A major limitation of our study relates to sample size and statistical power. As stated in the Method section, our sample size target was set based on a previous study examining resting-state LFA and EEfRT performance (Hughes et al., 2015), which had an initial recruitment of 55 participants and reported effect sizes of .42–.43. To detect a similar effect size in our study (r = .40, 1 − β = .80), 49 participants would be required. Our sample was composed of 49 individuals; however, upon reviewer suggestion, we conducted post hoc power calculations and found that our study was underpowered. When examining our correlations of interest—that is, the observed correlations between resting-state and/or task-state LFA and EEfRT performance—we found that our sample size of 49 fell short in some areas. As shown in Table 6, the association between task-onset LFA and HE trial selection exceeded 80% power, as did the association between resting-state LFA and HE, medium-reward trial selection. Four of the other associations that we reported as significant achieved 75%–77% statistical power, while the association between task-onset LFA and total money earned in the EEfRT was the lowest with a post hoc power calculation of only 65%. Unfortunately, we are no longer in a position to run additional participants or extend the study, so our data set must remain at 49 participants. Based on these identified issues surrounding statistical power, we must present the study as exploratory and the findings—and their interpretations—as preliminary.
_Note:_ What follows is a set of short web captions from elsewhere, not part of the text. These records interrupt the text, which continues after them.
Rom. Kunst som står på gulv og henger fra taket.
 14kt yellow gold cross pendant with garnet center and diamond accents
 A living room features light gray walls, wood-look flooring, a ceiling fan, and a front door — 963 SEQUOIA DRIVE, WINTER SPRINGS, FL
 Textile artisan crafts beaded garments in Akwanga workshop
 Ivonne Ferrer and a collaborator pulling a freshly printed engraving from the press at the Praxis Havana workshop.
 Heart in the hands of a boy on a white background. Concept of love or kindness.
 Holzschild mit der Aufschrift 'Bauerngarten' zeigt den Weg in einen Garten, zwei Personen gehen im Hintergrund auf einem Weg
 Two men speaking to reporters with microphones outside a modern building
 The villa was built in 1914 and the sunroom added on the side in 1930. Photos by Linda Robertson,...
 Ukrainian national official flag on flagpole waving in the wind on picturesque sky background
While ours was not a large-scale study, our sample size was based on an a priori power calculation, and we believe our initial results surrounding resting-state LFA, task-state LFA, and EEfRT performance can lead to interesting future investigations. Our lack of significant correlations between BIS/BAS scores and resting-state LFA are not out of place in an increasingly mixed field: seminal studies have shown significant correlations between LFA and self-reported BAS (Coan & Allen, 2003a; Harmon-Jones & Allen, 1997; Sutton & Davidson, 1997); however, many others have failed to find such associations (for review, see Kuper et al., 2019; Wacker et al., 2010). The discrepancies could in part stem from methodological differences and self-reporting survey confounds, but also perhaps the prominence of resting-state EEG captured in the literature. Here we show that resting-state LFA and task-state LFAs—recorded from the same participant in the same recording session—inform on different performance measures in a goal-oriented task, at least in our cohort of 49 participants. Our findings, in combination with other recent studies that have assessed task-state changes in LFA (e.g., Neal & Gable, 2019; Rodrigues et al., 2018; Rollwage et al., 2017), highlight the need to make state–trait and/or state–state comparisons when assessing LFA, specifically in relation to approach-avoidance observed on an emotive level or an action level (Coan & Allen 2003b). In line with this, it is worth considering the approach–avoidance LFA literature within a broader framework of effort allocation, one that spans the emotive and action levels (Tops, Quirin, Boksem, and Koole, 2017).